Campus Point will be an interesting development to watch over the next 5 years as the campus itself is its own 3-mile circle, lots of farm land, a low on-campus student population with only a couple national franchisees, Buffalo Wild Wings, Marie Calendar’s, and Chipotle next to or on campus. Additional, Campus Point breaks the 3-mile rule. It’s only 2 miles away from Sierra Vista Mall and Fashion Fair, which means overlap. Stay tuned for how the new development works out and who is attracted to set up restaurants.

So go back to Downtown Fresno and ask yourself, who lives, commutes, sends their kids to school, the ages and incomes of people living within a 3 mile radius of Downtown and you have your answer for why franchisees don’t establish within the Downtown 360, 3 mile radius. It doesn’t pay for them to do so. 80 new lofts in Downtown won't change that and neither will 80 more lofts in another year. People come to Fresno and stay in Fresno for a house with a backyard, free parking, a large garage, Save Mart, Wal-Mart, Costco, Target, Home Depot, and lots of large restaurant franchises within 3 miles of their home.

If Fresnans wanted to pay $3 a square foot to live in a loft Downtown, they probably don't have kids, pets, gardens, or a BBQ. They work a lot because they have to pay $3/square foot to live in a cool loft Downtown! I should know, I lived in a loft in Sonoma County, a flat in SF, a townhome in Old Town Pasadena, and an apartment in Rockridge. Except I walked to the grocery store, laundry, gym, restaurants, clubs, and movie theatre.
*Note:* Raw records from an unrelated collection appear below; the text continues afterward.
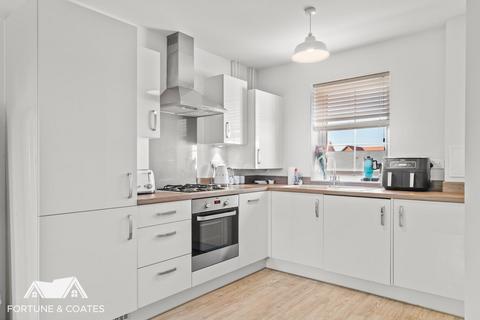 1 bedroom apartment for sale, Dunnock Road, Harlow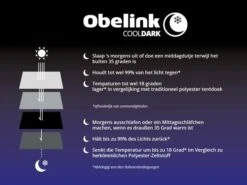 Obelink Tarp 400 CoolDark 11 Obelink Tarp 400 CoolDark -Obelink Boutiqe obelink cooldarksite 1 ecommerce 9e18 25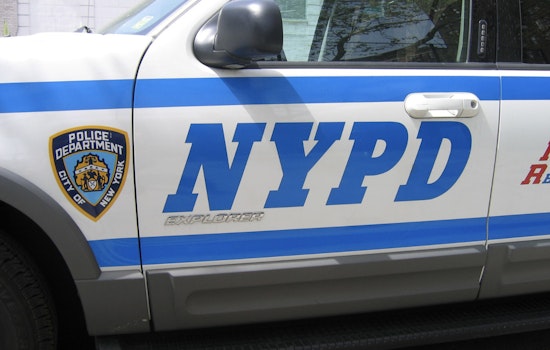 Queens Off-Duty Cop Busted After 2 A.M. Street Fight With Kid Watching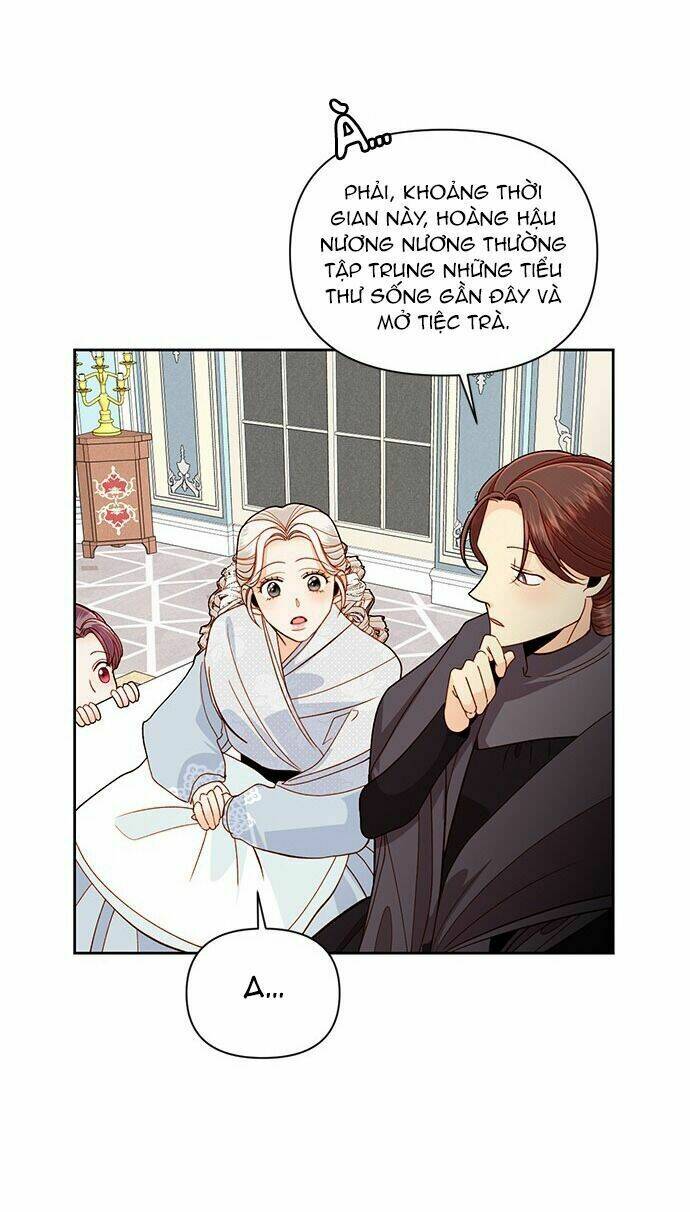 Hoàng Hậu Muốn Tái Hôn Chapter 53 - Trang 2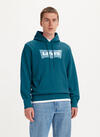 Levis Sweatshirt A2410-0008 Mavi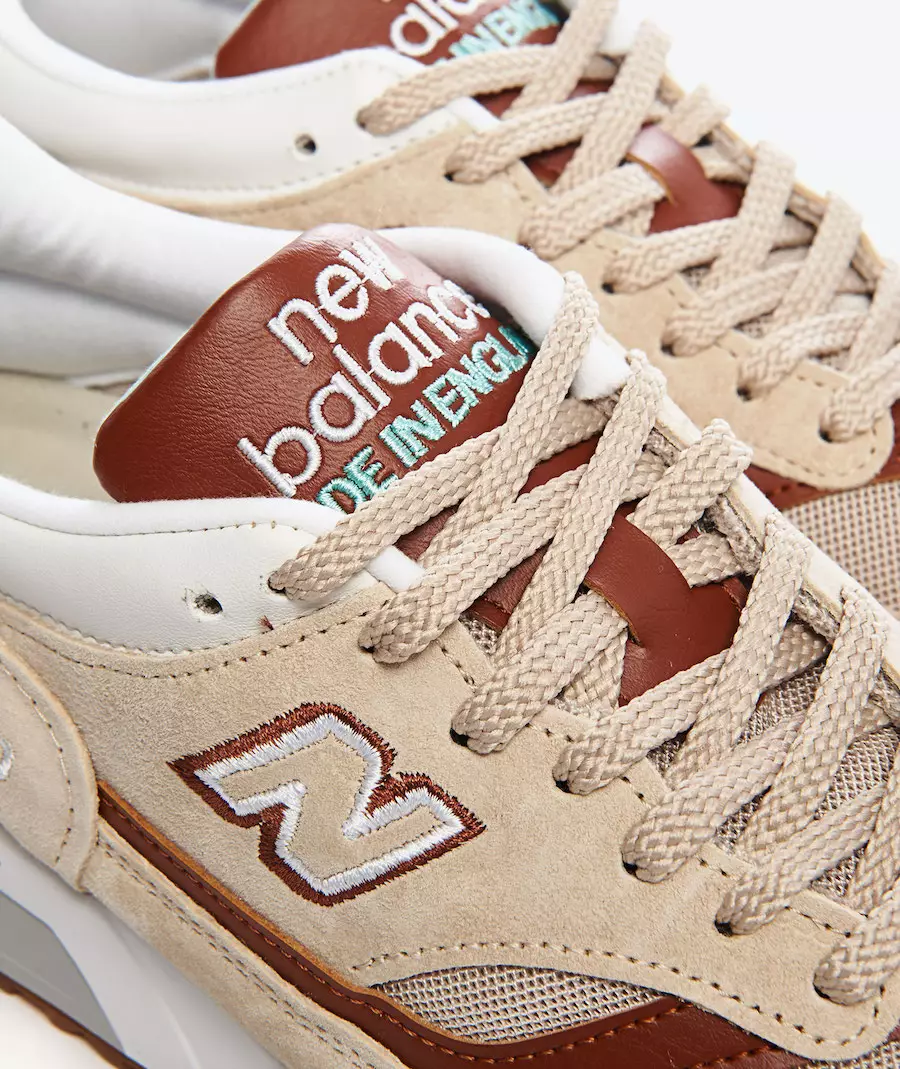 New Balance 1500 Oatmeal M1500STT Datum izdaje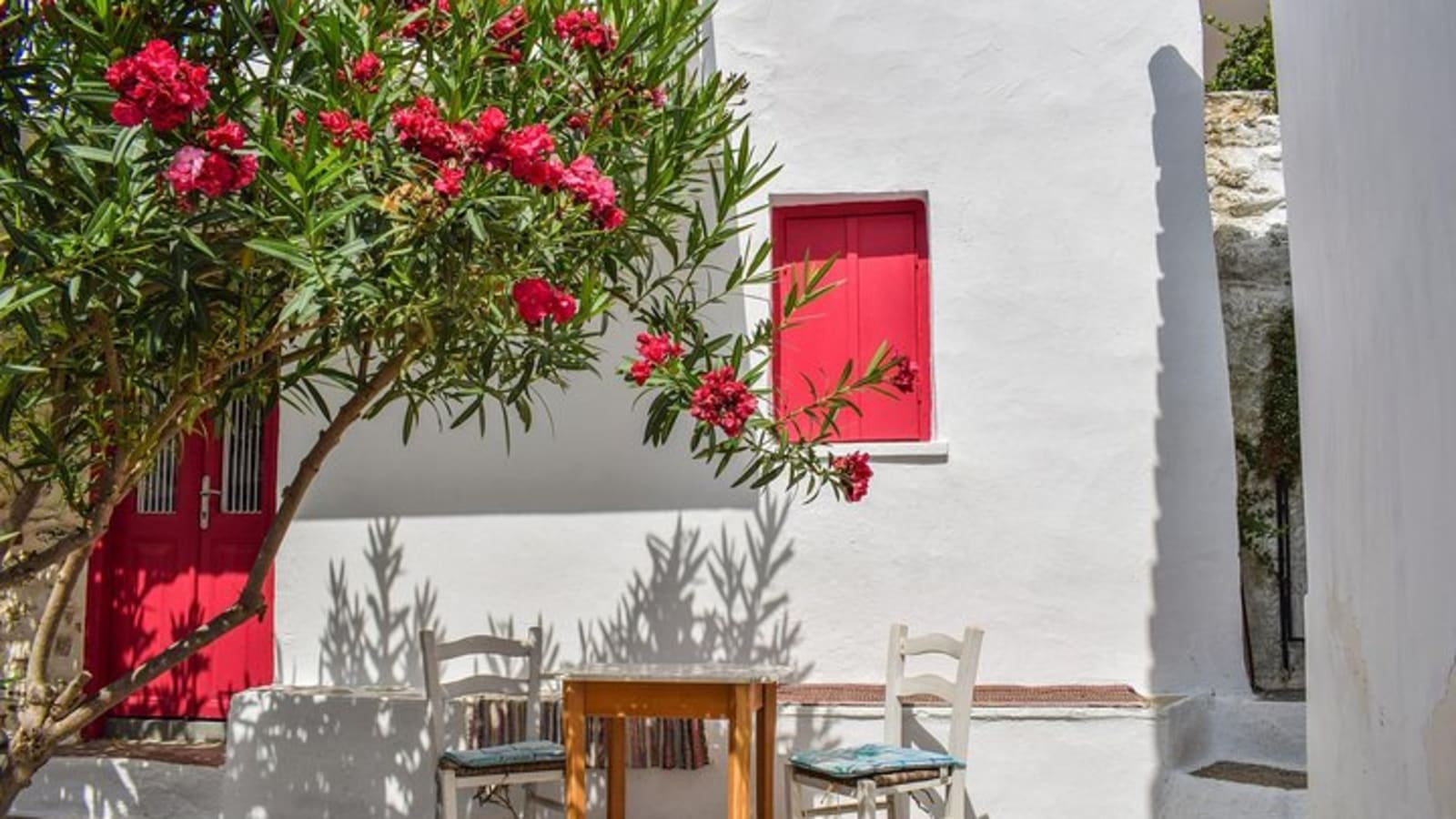 Secret of Skopelos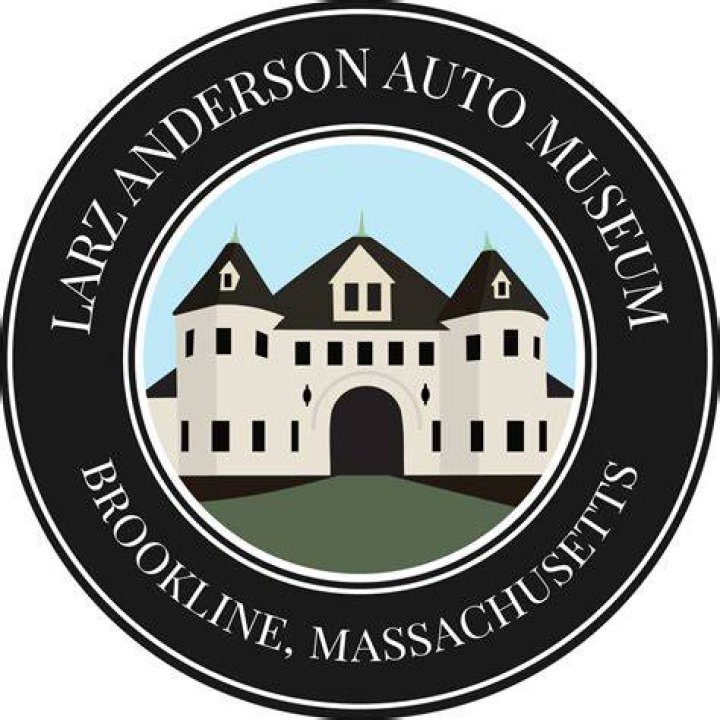 Larz Anderson Auto Museum: Classic Cars & History!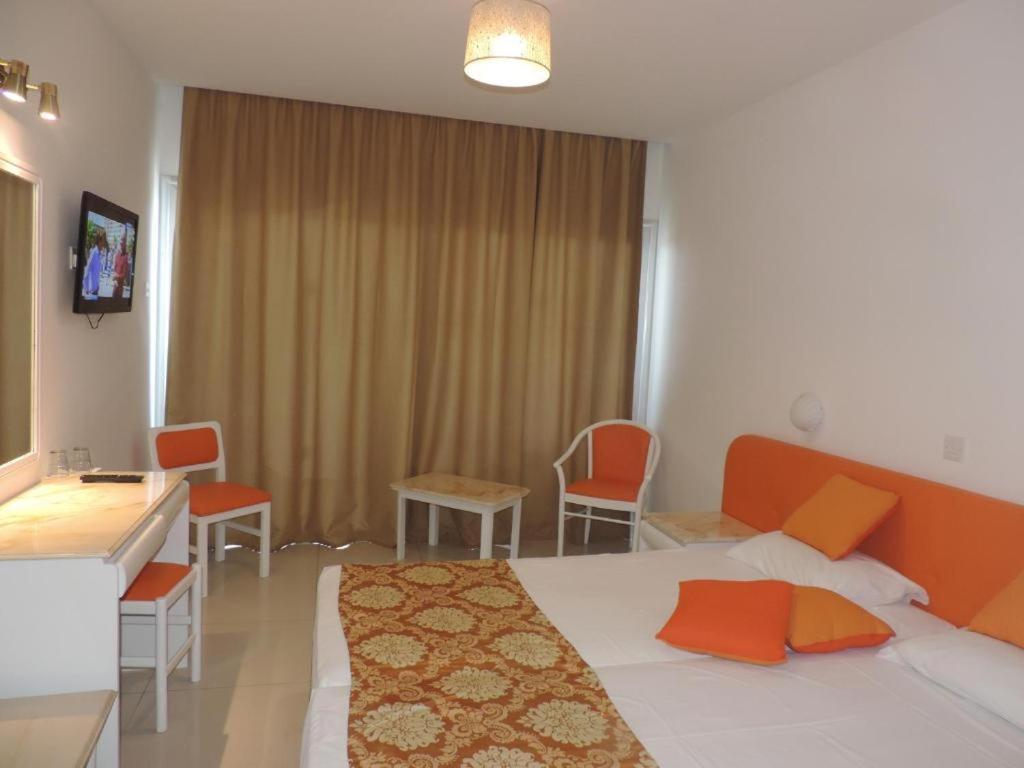 Hotel Corfu 4*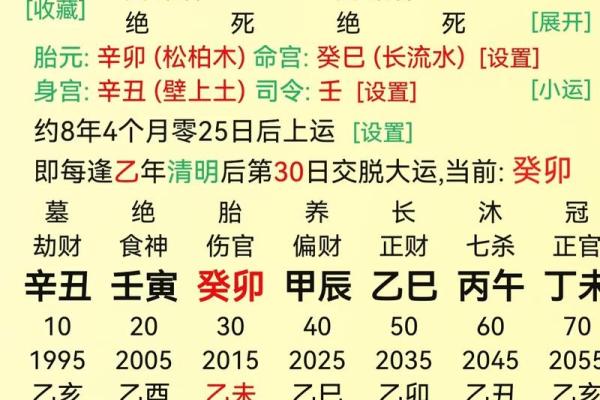乙木命与相合五行的完美搭配：探寻最佳伴侣与人生路径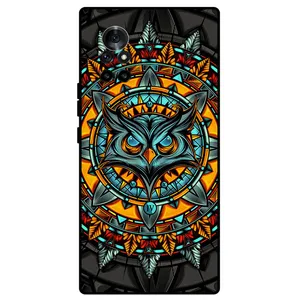 Megafone Owl 1903 Cover For Huawei Nova 8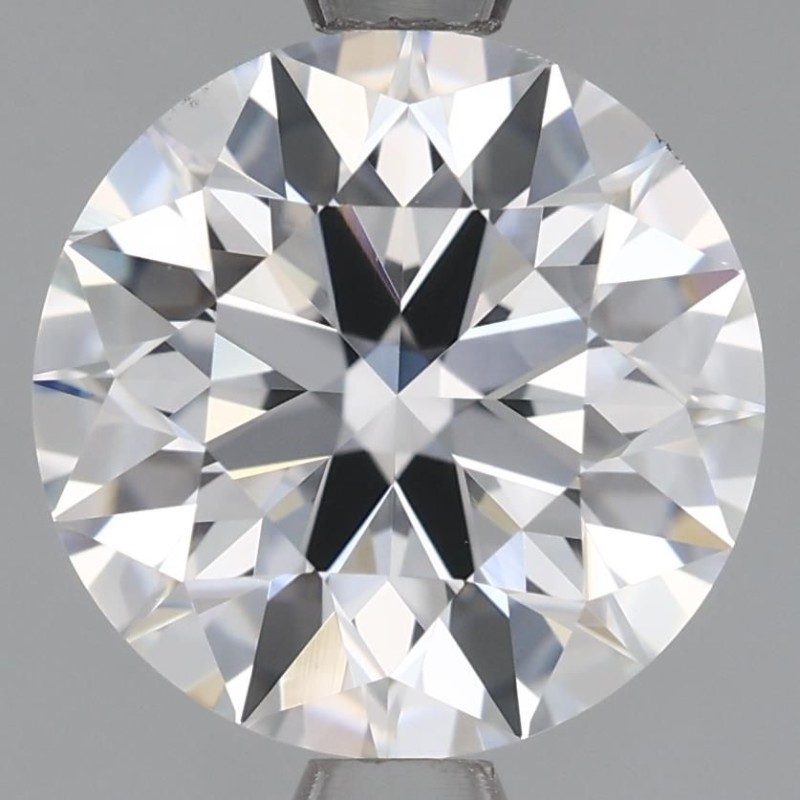 Diament laboratoryjny bezbarwny szlif okrągły, 2.15ct, VVS2, E, IGI LG728523291 Diament laboratoryjny bezbarwny szlif okrągły, 2.15ct, VVS2, E, IGI LG728523291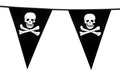 Piraten Girlande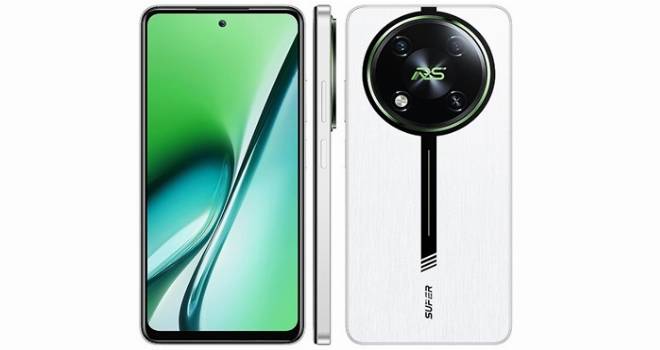 iTel RS4 Price and Specs in Vietnam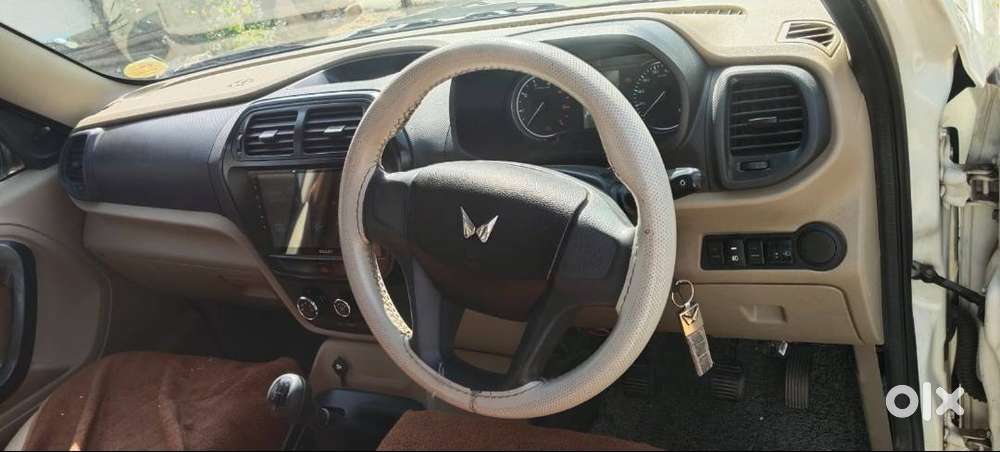 Mahindra Bolero Neo 2024 Diesel Good Condition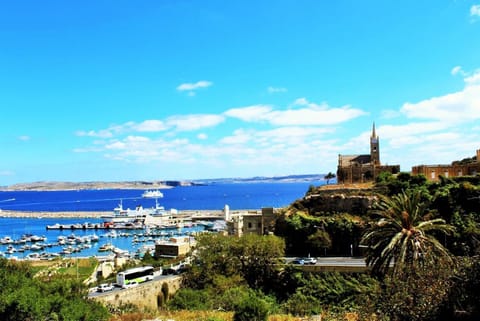 Off site, View (from property/room), Landmark view, Sea view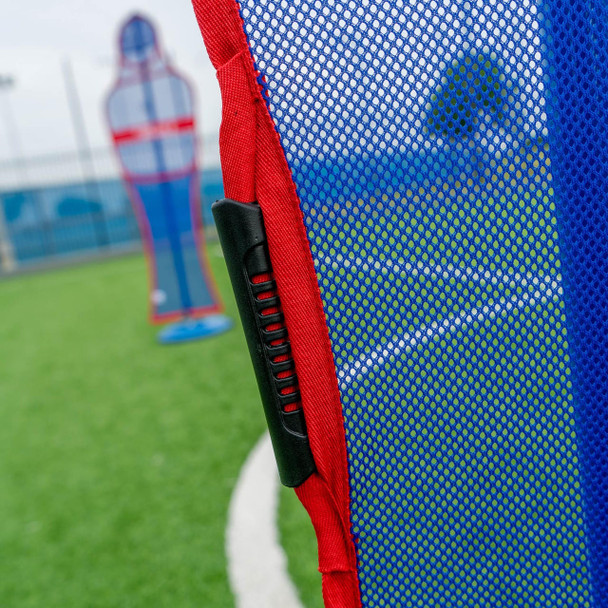 SOCCER WALL TURF - SINGLE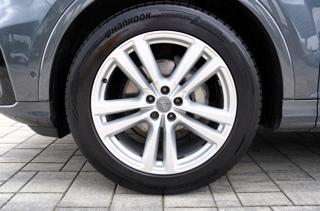 Audi Q7 50 TDI/Q/360/20"/Sline/DPH SUV - Foto 16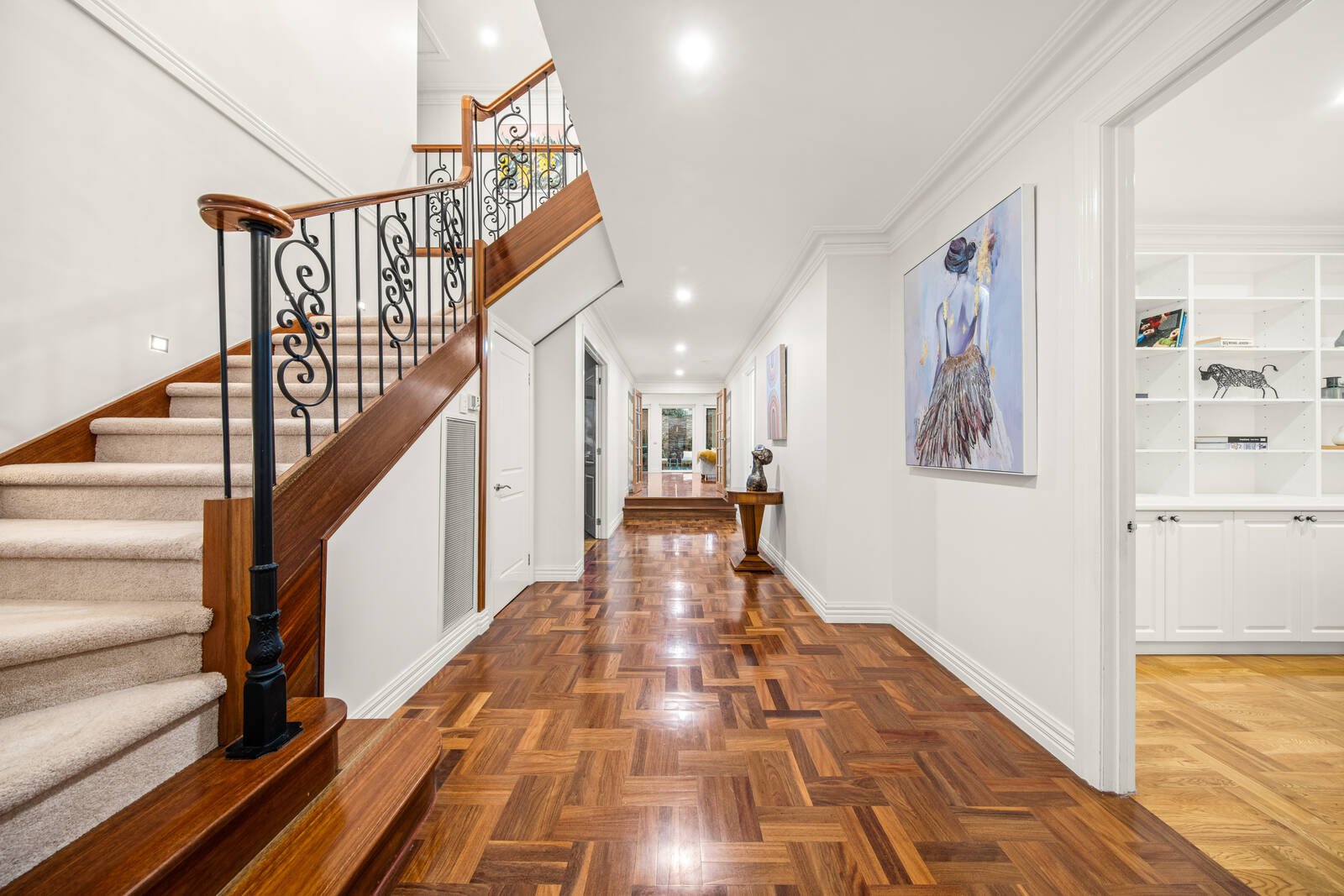 Real Estate and Property in 123 Peel Street, Kew, VIC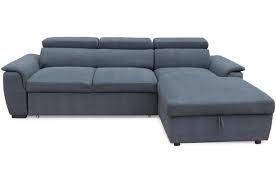 Proposer un canapé d'angle pas cher à la qualité premium. Canape D Angle Convertible Tissu Gris Aurora Plus D S Serapportanta Canape D Angle Pas Cher Destockage Idees Conception Jardin Idees Conception Jardin
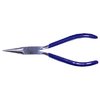 Die FRIEDR. DICK GMBH Gunsmithing Pliers bieten maximale Präzision durch robuste Box-Konstruktion und polierte Stahlbacken – perfekt für präzise Arbeiten!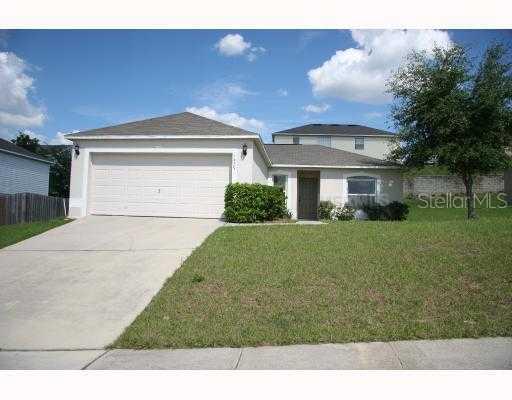 1479 Muir Cir., Clermont, FL 34711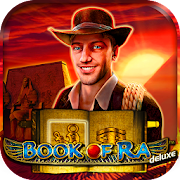 Book of Ra™ Deluxe Slot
Things that aren't going to happen anytime soon in Downtown Fresno.

Why? Fresnans have been well trained to drive their cars for convenience. I wouldn't drive to Walnut Creek from Oakland to go to Target. All a Fresnan has to do is drive down the block for their slice of convenience. A Bay Area resident has to move to another town for Target or Wal-Mart.

My analysis is not biased, it’s a simple analysis of trend and basic historical analytics that should be obvious. The same reasons hold true in my analysis of Downtown for the two centers in the north, Palm/Nees and Ft. Washington/Friant; neither is at full capacity or fully utilized as completely efficient stores, fully one-third of their market is grassland and dirt, completely unproductive to a restaurant.

So the next time you’re having a discussion about Downtown revitalization, River Park isn’t your enemy Downtown Advocates. Blame it all on the Manchester Mall…they started the move north over 50 years ago. River Park is simply the natural outcome of an expanding city. Beachheads have already been established at Children’s Hospital north on 41, Brighton Crest towards Millerton, and east on Highway 180 toward Sanger; look to the conversation about expansion move in those directions, all moving away from Downtown…not towards it.